The displayDebug() method could be implemented like:

* Manage the debug menu selection
private void displayDebug() {
// Get the received envelope
ProactiveHandler proHdlr = ProactiveHandler.getTheHandler();

baStringDebug[(short)0] = bDebug1;
baStringDebug[(short)1] = bDebug2;
baStringDebug[(short)2] = bDebug3;
baStringDebug[(short)3] = bDebug4;
baStringDebug[(short)4] = bDebug5;
baStringDebug[(short)5] = bDebug6;

// Display the "Menu3" message text
// Initialize the display text command
proHdlr.initDisplayText((byte) 0x00
, baStringDebug
, (short) 0
,(short) (baStringDebug.length));


Happy debug! :)


Praveen PPT said...

Hi im trying to debug my applet on gemalto dev suite can u send me the basic applet explaining hw to use the process explained by you...

Anonymous said...

Hi im trying to debug my applet on gemalto dev suite can u send me the basic applet explaining hw to use the process explained by you...

Nodir Gulyamov said...

You can do it easily on your side.
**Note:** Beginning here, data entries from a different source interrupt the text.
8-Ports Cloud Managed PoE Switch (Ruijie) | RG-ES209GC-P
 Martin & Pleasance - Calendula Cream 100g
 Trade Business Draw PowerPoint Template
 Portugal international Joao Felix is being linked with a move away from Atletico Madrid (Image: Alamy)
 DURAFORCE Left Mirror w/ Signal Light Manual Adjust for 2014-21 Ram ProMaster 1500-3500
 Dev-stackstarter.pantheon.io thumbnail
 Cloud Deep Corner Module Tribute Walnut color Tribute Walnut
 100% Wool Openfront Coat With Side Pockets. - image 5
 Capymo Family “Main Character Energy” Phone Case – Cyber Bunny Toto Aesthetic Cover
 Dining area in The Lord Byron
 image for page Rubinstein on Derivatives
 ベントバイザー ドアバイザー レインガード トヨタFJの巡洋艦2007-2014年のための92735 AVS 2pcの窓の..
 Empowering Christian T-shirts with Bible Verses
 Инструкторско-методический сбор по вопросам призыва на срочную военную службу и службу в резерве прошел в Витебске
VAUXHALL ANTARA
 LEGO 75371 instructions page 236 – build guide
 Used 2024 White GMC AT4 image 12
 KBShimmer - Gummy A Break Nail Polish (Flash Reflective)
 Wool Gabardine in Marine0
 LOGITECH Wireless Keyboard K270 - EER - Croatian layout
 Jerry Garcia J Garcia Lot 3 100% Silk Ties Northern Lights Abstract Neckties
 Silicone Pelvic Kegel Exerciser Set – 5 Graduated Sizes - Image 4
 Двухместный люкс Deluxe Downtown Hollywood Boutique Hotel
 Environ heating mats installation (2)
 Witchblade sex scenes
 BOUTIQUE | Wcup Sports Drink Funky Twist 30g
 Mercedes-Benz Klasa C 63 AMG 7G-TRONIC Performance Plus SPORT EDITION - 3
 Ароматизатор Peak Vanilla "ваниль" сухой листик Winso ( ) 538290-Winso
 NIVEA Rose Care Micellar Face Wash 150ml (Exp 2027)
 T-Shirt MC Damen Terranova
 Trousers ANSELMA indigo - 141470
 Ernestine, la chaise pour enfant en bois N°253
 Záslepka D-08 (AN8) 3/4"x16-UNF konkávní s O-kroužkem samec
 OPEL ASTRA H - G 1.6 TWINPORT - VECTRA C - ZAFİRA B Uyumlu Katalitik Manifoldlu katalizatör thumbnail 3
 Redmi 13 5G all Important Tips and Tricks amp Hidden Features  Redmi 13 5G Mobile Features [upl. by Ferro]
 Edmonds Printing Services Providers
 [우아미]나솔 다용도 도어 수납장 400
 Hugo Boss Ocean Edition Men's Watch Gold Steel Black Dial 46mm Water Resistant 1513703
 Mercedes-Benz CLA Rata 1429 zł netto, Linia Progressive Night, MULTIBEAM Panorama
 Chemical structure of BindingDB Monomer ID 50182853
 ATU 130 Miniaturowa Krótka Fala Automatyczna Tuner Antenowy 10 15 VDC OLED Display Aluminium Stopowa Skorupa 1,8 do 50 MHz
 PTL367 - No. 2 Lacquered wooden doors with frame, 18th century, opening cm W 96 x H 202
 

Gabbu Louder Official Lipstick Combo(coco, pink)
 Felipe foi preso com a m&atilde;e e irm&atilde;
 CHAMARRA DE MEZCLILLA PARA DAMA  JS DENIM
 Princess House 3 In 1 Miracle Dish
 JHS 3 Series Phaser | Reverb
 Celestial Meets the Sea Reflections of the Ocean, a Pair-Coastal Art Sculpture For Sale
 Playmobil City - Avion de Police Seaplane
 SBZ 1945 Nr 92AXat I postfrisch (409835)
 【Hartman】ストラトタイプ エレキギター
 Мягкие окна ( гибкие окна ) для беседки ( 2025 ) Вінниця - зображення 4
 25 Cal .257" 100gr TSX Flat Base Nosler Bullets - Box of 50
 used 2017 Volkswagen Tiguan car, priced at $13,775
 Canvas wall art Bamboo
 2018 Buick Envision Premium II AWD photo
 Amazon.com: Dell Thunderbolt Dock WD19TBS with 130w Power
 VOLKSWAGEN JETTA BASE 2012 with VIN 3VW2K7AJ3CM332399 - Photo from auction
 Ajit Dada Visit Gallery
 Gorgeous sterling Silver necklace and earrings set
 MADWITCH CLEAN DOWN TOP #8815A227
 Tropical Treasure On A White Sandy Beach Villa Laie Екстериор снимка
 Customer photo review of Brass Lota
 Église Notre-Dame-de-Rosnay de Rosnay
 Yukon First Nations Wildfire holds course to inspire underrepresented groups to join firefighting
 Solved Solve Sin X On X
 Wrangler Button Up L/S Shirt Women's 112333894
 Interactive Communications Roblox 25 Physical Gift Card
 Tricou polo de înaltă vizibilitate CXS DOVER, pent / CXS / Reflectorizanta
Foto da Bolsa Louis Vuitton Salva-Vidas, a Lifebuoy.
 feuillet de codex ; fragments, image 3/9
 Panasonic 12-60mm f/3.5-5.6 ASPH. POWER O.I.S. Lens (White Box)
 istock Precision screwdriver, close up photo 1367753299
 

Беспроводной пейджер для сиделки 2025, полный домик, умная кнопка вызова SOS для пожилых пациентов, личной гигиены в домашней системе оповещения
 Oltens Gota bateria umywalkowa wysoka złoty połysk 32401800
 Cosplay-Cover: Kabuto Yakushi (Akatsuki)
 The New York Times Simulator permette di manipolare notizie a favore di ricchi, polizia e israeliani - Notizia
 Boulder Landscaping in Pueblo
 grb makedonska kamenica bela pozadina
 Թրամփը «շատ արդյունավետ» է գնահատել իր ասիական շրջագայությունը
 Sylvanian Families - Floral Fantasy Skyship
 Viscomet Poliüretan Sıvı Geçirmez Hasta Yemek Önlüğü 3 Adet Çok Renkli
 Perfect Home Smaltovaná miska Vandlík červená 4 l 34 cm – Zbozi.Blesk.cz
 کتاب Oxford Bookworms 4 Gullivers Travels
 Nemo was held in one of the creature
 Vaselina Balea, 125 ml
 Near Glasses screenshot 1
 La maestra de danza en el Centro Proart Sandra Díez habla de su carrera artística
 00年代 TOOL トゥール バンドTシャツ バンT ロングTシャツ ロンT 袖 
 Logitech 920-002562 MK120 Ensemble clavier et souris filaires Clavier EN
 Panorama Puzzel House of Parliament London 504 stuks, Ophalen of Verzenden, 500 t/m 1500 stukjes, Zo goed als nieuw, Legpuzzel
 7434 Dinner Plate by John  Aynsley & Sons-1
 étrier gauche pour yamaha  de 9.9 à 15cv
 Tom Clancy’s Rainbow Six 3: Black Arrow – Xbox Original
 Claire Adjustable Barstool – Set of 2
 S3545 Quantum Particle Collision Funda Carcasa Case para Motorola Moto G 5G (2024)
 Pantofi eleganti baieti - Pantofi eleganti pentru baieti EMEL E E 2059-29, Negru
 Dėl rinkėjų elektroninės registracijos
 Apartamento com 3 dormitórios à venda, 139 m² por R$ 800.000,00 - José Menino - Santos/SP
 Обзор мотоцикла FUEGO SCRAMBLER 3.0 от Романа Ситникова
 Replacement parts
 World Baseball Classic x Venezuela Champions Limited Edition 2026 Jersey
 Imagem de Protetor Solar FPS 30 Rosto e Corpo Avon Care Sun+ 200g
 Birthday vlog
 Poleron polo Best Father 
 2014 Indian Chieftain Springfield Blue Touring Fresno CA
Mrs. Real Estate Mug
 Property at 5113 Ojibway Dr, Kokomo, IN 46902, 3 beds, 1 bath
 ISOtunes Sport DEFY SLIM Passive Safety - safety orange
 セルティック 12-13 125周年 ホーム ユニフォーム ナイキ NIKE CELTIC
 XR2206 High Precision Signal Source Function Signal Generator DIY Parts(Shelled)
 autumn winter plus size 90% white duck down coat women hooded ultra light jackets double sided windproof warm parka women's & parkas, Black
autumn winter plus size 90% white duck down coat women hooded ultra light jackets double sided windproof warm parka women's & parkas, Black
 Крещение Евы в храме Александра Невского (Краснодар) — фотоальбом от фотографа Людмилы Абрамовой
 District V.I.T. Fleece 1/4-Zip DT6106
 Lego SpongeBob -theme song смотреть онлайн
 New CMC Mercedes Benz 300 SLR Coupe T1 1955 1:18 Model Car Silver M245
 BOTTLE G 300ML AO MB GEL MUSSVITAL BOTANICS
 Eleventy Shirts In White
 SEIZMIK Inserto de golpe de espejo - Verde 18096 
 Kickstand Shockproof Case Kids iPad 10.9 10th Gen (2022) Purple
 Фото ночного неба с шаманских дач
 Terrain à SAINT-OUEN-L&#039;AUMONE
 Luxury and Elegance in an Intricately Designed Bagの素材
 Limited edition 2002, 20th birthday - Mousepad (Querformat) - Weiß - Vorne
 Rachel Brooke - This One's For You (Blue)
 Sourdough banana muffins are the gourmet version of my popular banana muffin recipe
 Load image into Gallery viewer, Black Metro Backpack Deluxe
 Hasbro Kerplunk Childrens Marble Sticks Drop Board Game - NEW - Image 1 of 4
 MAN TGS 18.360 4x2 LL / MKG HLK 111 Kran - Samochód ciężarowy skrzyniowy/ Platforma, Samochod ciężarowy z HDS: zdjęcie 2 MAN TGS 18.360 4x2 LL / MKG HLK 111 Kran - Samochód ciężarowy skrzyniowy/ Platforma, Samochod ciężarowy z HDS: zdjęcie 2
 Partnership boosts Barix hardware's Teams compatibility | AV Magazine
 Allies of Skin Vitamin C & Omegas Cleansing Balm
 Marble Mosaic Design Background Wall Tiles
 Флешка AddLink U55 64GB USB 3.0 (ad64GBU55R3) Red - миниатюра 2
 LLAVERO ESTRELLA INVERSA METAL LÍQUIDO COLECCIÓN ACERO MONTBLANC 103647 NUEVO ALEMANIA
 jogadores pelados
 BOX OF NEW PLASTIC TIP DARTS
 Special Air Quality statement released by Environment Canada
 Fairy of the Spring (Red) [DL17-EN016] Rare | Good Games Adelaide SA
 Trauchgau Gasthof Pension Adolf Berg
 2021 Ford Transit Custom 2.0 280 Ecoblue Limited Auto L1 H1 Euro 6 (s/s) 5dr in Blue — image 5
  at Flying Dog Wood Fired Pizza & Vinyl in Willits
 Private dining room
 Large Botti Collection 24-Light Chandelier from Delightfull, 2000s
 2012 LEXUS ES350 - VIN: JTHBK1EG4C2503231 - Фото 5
Just generate sample applet using Dev Suite. The wizard will ask you several parameters then generate fully functional applet. Afterwards you have to change process() method for debugging using explicit selection of applet and processToolkit() method for debugging using Display Text. If you'll have difficulties feel free to ask.

Praveen PPT said...

Thanks for the reply...
Your process method will provide oly the bDebug1-6 values which you hav set previously but where as i want to know the value of my variable in the code at some point of time during execution on card so is der is any way to get values at specified line on card???

Nodir Gulyamov said...

bDebug variables is just predefined ones which is example. Nothing prevent you to improve this technique by adding additional variables and assign interested values to them and check after.